Lori Loughlin is set to plead guilty in her college admissions scandal case.
According to the U.S. Attorney's Office, the Full House star and her husband, Mossimo Giannulli, have agreed to plead guilty to conspiracy charges in connection with securing the fraudulent admission of their two children, Olivia Jade and Bella Giannulli, to the University of Southern California as purported athletic recruits.
Loughlin will plead guilty to one count of conspiracy to commit wire and mail fraud. Giannulli will plead guilty to one count of conspiracy to commit wire and mail fraud and honest services wire and mail fraud.
Per the terms of Loughlin's plea agreement, she's agreed to a sentence, subject to the Court's approval, of two months in prison, a $150,000 fine and two years of supervised release with 100 hours of community service. Under the terms of Giannulli's plea agreement, he's agreed to a sentence, subject to the Court's approval, of five months in prison, a $250,000 fine and two years of supervised release with 250 hours of community service, authorities said Thursday.
"Under the plea agreements filed today, these defendants will serve prison terms reflecting their respective roles in a conspiracy to corrupt the college admissions process and which are consistent with prior sentences in this case. We will continue to pursue accountability for undermining the integrity of college admissions," United States Attorney Andrew E. Lelling said.
This makes Loughlin and Giannulli are the 23rd and 24th parents to plead guilty in the college admissions case.
Earlier this month, Loughlin lost her bid to throw out charges against her in the case.

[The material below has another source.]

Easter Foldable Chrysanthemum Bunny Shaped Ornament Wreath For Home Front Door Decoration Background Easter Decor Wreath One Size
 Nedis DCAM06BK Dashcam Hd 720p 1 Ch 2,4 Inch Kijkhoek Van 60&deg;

"After consideration of defendant' memorandum in support of their motion to dismiss the indictment; the governments opposition to that motion; defendants' reply in support of the motion; the government's sur-reply in opposition, supported by affidavits of agents and an Assistant United States Attorney; and the defendants' response to the governmen's sur-reply, the defendants' motion to dismiss the indictment or in the alternative to suppress evidence and order an evidentiary hearing is DENIED," the court documents said.